In this tutorial, we will outline the process of setting up a RetrievalConfig object, which is the class used to set up a pRT retrieval. The basic process is always to set up the configuration, and then pass it to the Retrieval class to run the retrieval with the sampler backend selected in RetrievalConfig. In this notebook we use sampler_type="numpyro_nuts". Like mentioned in the “Basic Retrieval Tutorial” several standard plotting outputs will also be produced by the retrieval class. NUTS is a gradient-based MCMC method: during warmup it adapts the Hamiltonian trajectory length and step size so it can explore smooth differentiable posteriors efficiently, but it does not compute the Bayesian evidence. Nested sampling backends such as PyMultiNest, Dynesty, or UltraNest are designed to estimate both the posterior and the evidence, which makes them better suited for evidence-based model comparison and some strongly multimodal posteriors. Most of the classes and functions used in this tutorial have more advanced features than what will be explained here, so it’s highly recommended to take a look at the code and API documentation. There should be enough flexibility built in to cover most typical retrieval studies, but if you have feature requests please get in touch, or open an issue on gitlab.

[ ]:

import os
# To not have numpy start parallelizing on its own
os.environ["OMP_NUM_THREADS"] = "1"

from jax import config
config.update("jax_enable_x64", True)

import tensorflow_probability.substrates.jax as tfp
from petitRADTRANS.retrieval import Retrieval, RetrievalConfig
from petitRADTRANS.retrieval.models import molliere_2020_emission
from petitRADTRANS import physical_constants as cst

tfpd = tfp.distributions

[ ]:

# Define the pRT run setup
retrieval_config = RetrievalConfig(
    retrieval_name="HR8799e_example",  # give a useful name for your retrieval
    run_mode="retrieval",  # 'retrieve' to run, or 'evaluate' to make plots
    sampler_type="numpyro_nuts",  # use NumPyro NUTS for this differentiable retrieval
    adaptive_mesh_refinement=True,  # adaptive mesh refinement, slower if True
    scattering_in_emission=True,  # add scattering for emission spectra clouds
)

For this example we include the GRAVITY data as published in Mollière et al. (2020). To reproduce the published results, please also include the archival SPHERE and GPI data from Zurlo et al. (2015) and Greenbaum et al. (2016).

[ ]:

# Read in Data

# Here we import petitRADTRANS to find the path of the example files on your machine
# In general this is not required, you just put the files in the folder that you are running
# Your script in, for example
path_to_data = "./"

retrieval_config.add_data(
     name="GRAVITY",
    path_to_observations=f"{path_to_data}/retrievals/emission/observations/HR8799e_Spectra.fits",
    data_resolution=500,
    model_resolution=1000,
    model_generating_function=molliere_2020_emission,
)

# Note that in Mollière et al. (2020), additional data sets from SPHERE and GPI were used

Photometric data#

If we want to add photometry, we can do that as well! The photometry file should have the format:

# Name, lower wavelength edge [um], upper wavelength edge [um], flux density [W/m2/micron], flux error [W/m2/micron]

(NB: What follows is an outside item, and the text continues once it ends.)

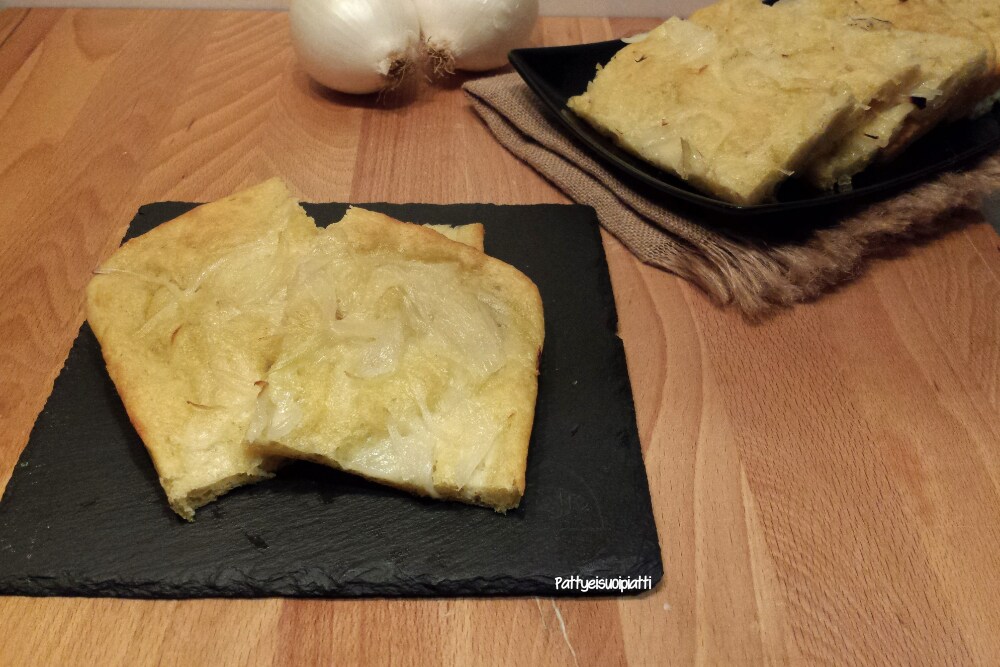 focaccia de patatas con cebolla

You are required to provide a model function for calculating the spectrum, as with spectral data, but also a photometric transformation function, which is used to convert the model spectrum into synthetic photometry. This would typically make use of the transmission function for a particular filter. We recommend the use of the species package (https://species.readthedocs.io/), in particular the SyntheticPhotometry module to provide these functions. If no function is provided, the RetrievalConfig will attempt to import species to use this module, using the name provided as the filter name.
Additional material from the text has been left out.